Over the past 60 years, drug-induced liver injury (DILI) has played a key role in the withdrawal of marketed drugs due to safety concerns. Early prediction of DILI is crucial for developing safer pharmaceuticals, yet current in vitro and in vivo testing methods are complex and cumbersome. In this study, we developed an extreme gradient boosting (XGB)-powered machine learning (ML) model for DILI prediction. Comparing various DILI prediction models is challenging because they rely on different public data sets. We comprehensively evaluated the proposed BoostDILI model to address two crucial questions: 1. Can insights derived from public data sets help in DILI prediction for Food and Drug Administration (FDA) approved drugs? 2. Can we generate structural alerts to improve the model's explainability? To address the first question, we developed a DILI prediction model using four publicly available data sets. This effort led to the creation of the BoostDILI model, which achieved a 5-fold CV accuracy of 0.70. A sequential feature selection method was employed to identify relevant descriptors. This model integrates feature-level representations derived from RDKit (12 features) and Mordred (23 features) features. Bayesian statistics was applied to identify high-performance substructures iteratively, and a structural alerts model was developed to address the second question. The developed model was further validated with two FDA-approved drug data sets, DILIst and DILIRank.
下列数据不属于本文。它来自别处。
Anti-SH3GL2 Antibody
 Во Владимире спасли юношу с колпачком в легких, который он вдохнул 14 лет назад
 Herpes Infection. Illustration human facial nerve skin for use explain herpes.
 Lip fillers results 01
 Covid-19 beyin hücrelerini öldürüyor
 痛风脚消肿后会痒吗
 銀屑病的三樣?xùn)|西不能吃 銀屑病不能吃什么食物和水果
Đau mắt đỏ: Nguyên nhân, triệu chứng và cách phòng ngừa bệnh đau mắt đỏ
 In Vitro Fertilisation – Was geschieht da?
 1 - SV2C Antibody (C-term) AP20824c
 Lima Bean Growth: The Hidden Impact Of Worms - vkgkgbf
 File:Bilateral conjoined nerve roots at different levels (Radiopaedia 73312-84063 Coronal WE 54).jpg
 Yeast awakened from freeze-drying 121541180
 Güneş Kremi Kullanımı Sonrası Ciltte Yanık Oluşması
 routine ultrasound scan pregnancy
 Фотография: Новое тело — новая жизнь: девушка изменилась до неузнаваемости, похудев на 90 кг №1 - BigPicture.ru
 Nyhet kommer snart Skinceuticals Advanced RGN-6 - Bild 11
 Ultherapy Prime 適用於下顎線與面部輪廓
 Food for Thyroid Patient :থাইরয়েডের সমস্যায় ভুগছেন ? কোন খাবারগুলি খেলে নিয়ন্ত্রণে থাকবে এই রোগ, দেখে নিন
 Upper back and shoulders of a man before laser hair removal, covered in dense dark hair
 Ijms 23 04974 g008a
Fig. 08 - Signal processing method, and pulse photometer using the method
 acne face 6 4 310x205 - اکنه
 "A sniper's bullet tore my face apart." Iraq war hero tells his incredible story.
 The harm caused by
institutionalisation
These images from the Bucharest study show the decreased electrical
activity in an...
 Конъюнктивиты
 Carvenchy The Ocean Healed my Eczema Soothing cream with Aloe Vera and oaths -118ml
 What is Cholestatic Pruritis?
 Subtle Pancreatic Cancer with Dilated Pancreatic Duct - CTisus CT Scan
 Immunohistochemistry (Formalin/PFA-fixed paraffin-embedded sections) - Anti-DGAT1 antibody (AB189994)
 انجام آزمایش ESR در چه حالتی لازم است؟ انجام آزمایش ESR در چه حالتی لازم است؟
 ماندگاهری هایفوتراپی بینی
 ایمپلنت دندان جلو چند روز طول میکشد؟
The BoostDILI model offers a trustable solution for evaluating the DILI risk in preclinical research. The structural alerts help in identifying the substructures that may be responsible for DILI. The data set and the source code are available at https://github.com/Naga270588/BoostDILI.

求助全文

通过发布文献求助，成功后即可免费获取论文全文。去求助

来源期刊

Chemical Research in Toxicology 医学-毒理学

CiteScore

7.90

自引率

7.30%

发文量

215

审稿时长

3.5 months

期刊介绍： Chemical Research in Toxicology publishes Articles, Rapid Reports, Chemical Profiles, Reviews, Perspectives, Letters to the Editor, and ToxWatch on a wide range of topics in Toxicology that inform a chemical and molecular understanding and capacity to predict biological outcomes on the basis of structures and processes. The overarching goal of activities reported in the Journal are to provide knowledge and innovative approaches needed to promote intelligent solutions for human safety and ecosystem preservation. The journal emphasizes insight concerning mechanisms of toxicity over phenomenological observations. It upholds rigorous chemical, physical and mathematical standards for characterization and application of modern techniques.